I’m reading Erik Larson’s The Devil in the White City, which recounts the creation of the 1893 World’s Columbian Exposition in Chicago and the parallel story of H.H. Holmes, a serial killer who preyed on women drawn to the fair. Larson explains how important the expo was to the United States, which at the time was an emerging power and the factory to the world. He quotes journalist Richard Harding Davis, who called the exposition, “the greatest event in the history of the country since the Civil War.” For Chicago, the expo served as a bold marker asserting its role as a center of architectural innovation and the birthplace of the skyscraper. Civic leaders desperately wanted to show they had built a powerful new city after the Great Fire of 1871 and offered more than just the country’s largest slaughterhouses. The book’s subtitle—Murder, Magic, and Madness at the Fair that Changed America—underlines the lasting significance of the expo.

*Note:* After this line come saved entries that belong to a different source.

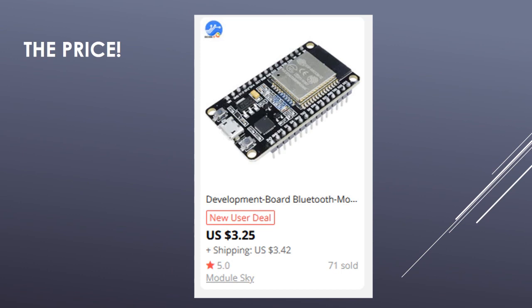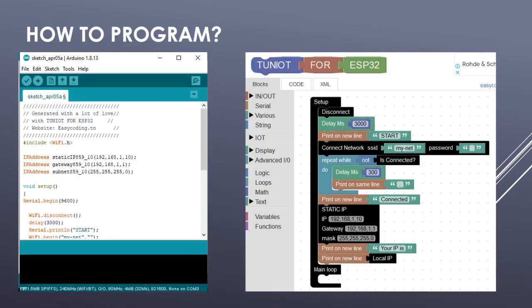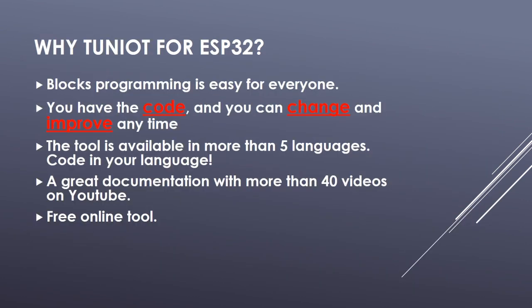A few years ago, I was advising makers to work with ESP8266 and keep an eye on the ESP32. Now the board is stable and I recommend to use it in your professional projects. The most popular way to program the board is with the Arduino IDE using the C++ programming language. Here, I choose for you the easiest way which is a tool that I developed myself called Triniot for ESP32.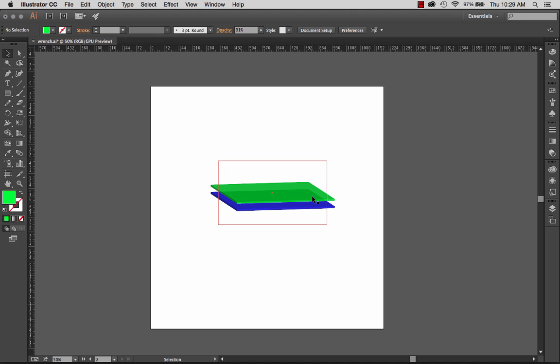That also helps me with another barrier and that's groups. Let's take a look at some more artwork here and let's see isolation mode in action.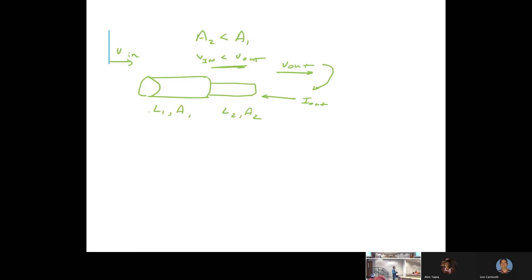If I stand here and count, knowing the speed, I know how many electrons are going to pass me in a certain amount of time. What can you tell me about the number of charges that pass this line versus if I were standing here? The charge that enters this pipe must exit that pipe.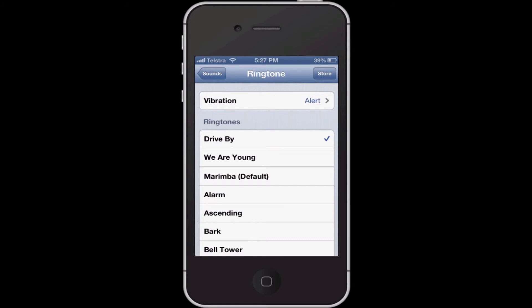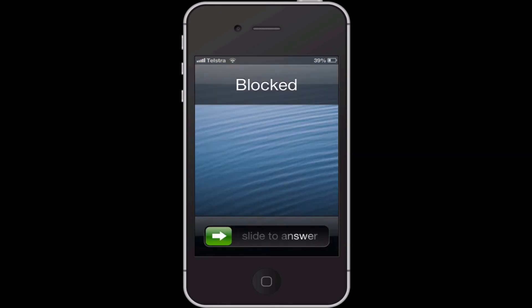So let's go see if it rings. I'm going to call myself on my home phone. That's ringing. Now let's just see if it works. Yeah, it's working.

Visiting the 2010 World Expo Shanghai China, I couldn’t help but think of the 1893 Columbian Exposition. Shanghai has spent more than $45 billion erecting the fair on an old industrial site straddling the Huangpu River and building an impressive network of infrastructure (new subway lines, bridges, tunnels, and street improvements) that will pay dividends for at least the next hundred years. Even if you hate the architecture of the expo or think the construction of so many temporary structures belies its green theme, you have to acknowledge the scope of the effort to create the event and the skill summoned to orchestrate it all. (And so far, no one has tried to repeat the gory deeds of H.H. Holmes.)
Crowds flock for shade under the Expo Axis with the China Pavilion in the background.
A lot of us, myself included, turn a wary eye on grand displays of municipal or national self-importance. Is Dubai a better place because it can build a tower much taller than any other in the world? Is Beijing more important because it hosted the most elaborate Olympics ever? Maybe. Maybe not. But both Beijing and Shanghai are using momentary gatherings to invest in infrastructural projects that will contribute to the lives of residents for many decades. Shanghai built five new subway lines leading up to the expo, connecting more of the city in a modern web of mass transit.
Like Barcelona with its Olympics in 1992, Shanghai is using the expo to rebrand itself as a center of creativity and a hub of world commerce. After years of oppression, it is tapping a deep reservoir of energy and talent. So maybe a bit of bragging is in order.